Please, from the entries below, transcribe exactly the lines that begin at the line with "2024澳门精准正版澳门,互动性策略设计_ZMD93.122预测版" and end at the line with "China confirma ‘sorpasso’", without the pictures.

- _Available data_
========================================================================
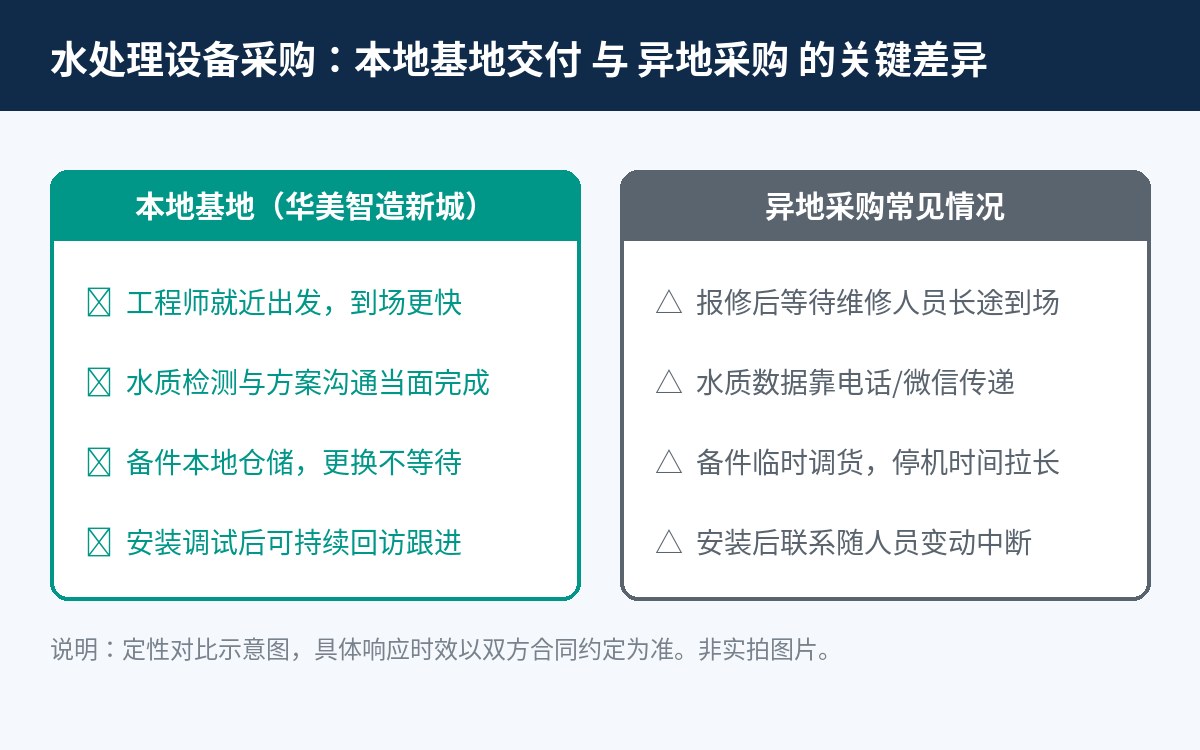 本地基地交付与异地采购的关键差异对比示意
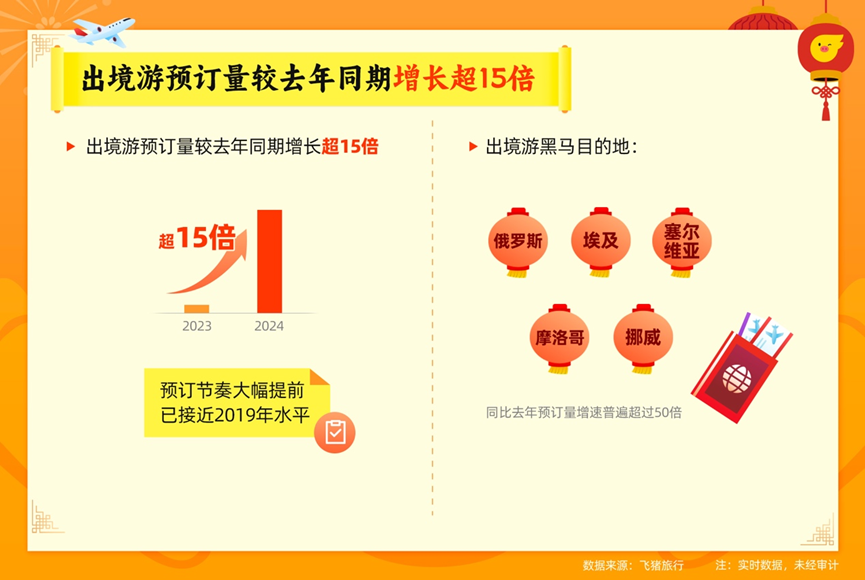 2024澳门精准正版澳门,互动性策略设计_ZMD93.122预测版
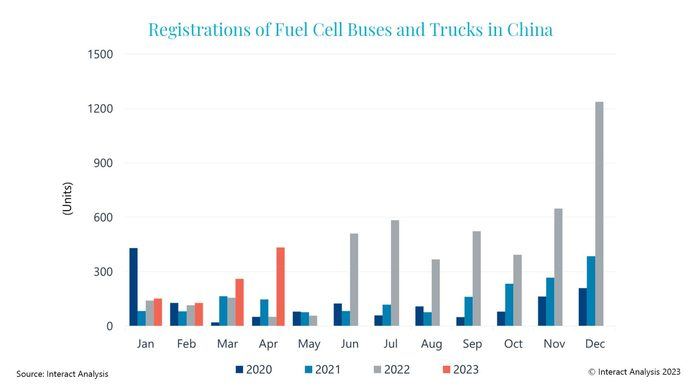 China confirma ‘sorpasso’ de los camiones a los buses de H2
========================================================================
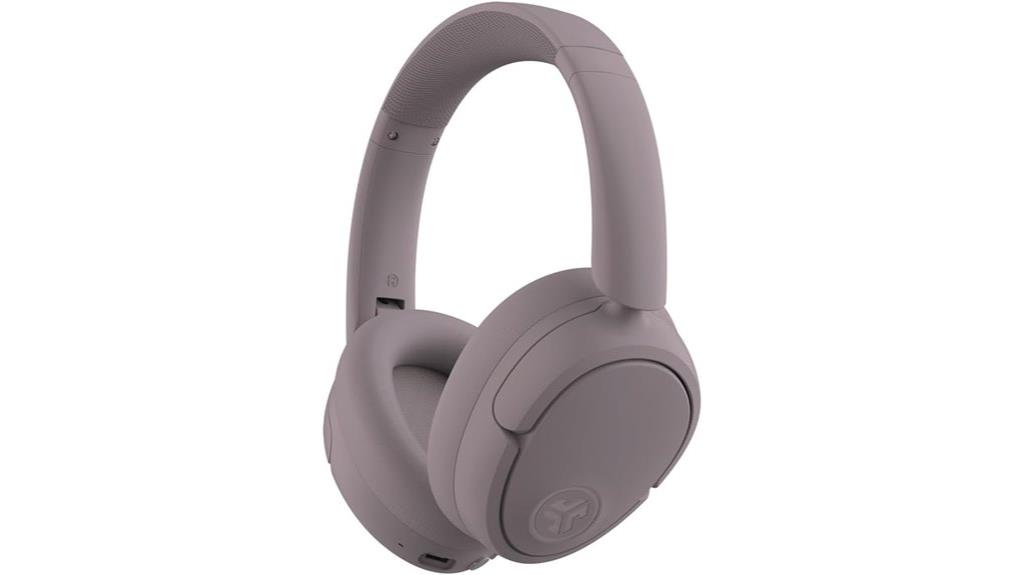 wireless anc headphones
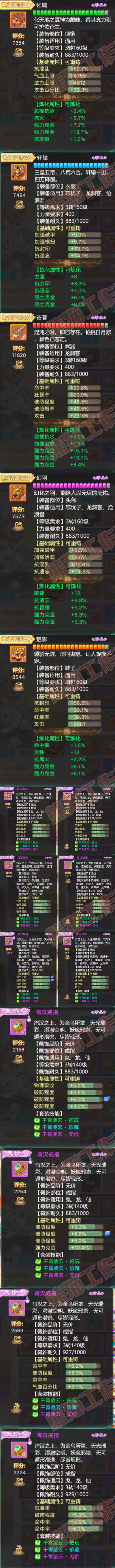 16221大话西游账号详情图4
========================================================================
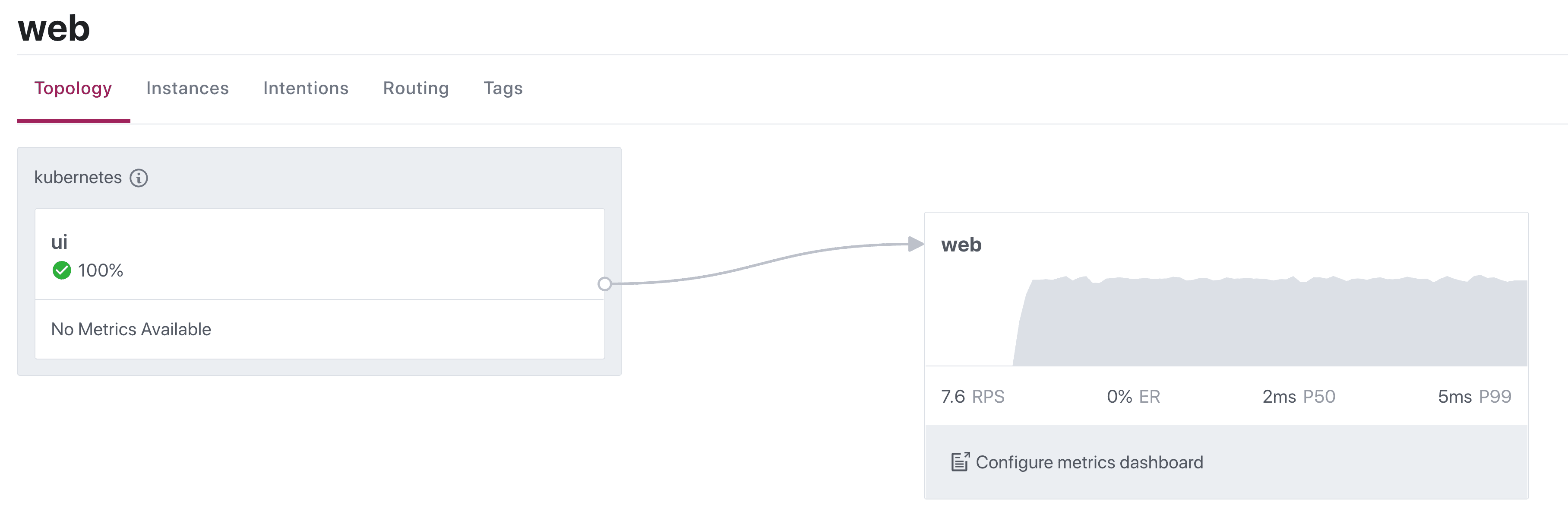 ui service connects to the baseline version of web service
========================================================================
- _Output for this task_
 2024澳门精准正版澳门,互动性策略设计_ZMD93.122预测版
 China confirma ‘sorpasso’ de los camiones a los buses de H2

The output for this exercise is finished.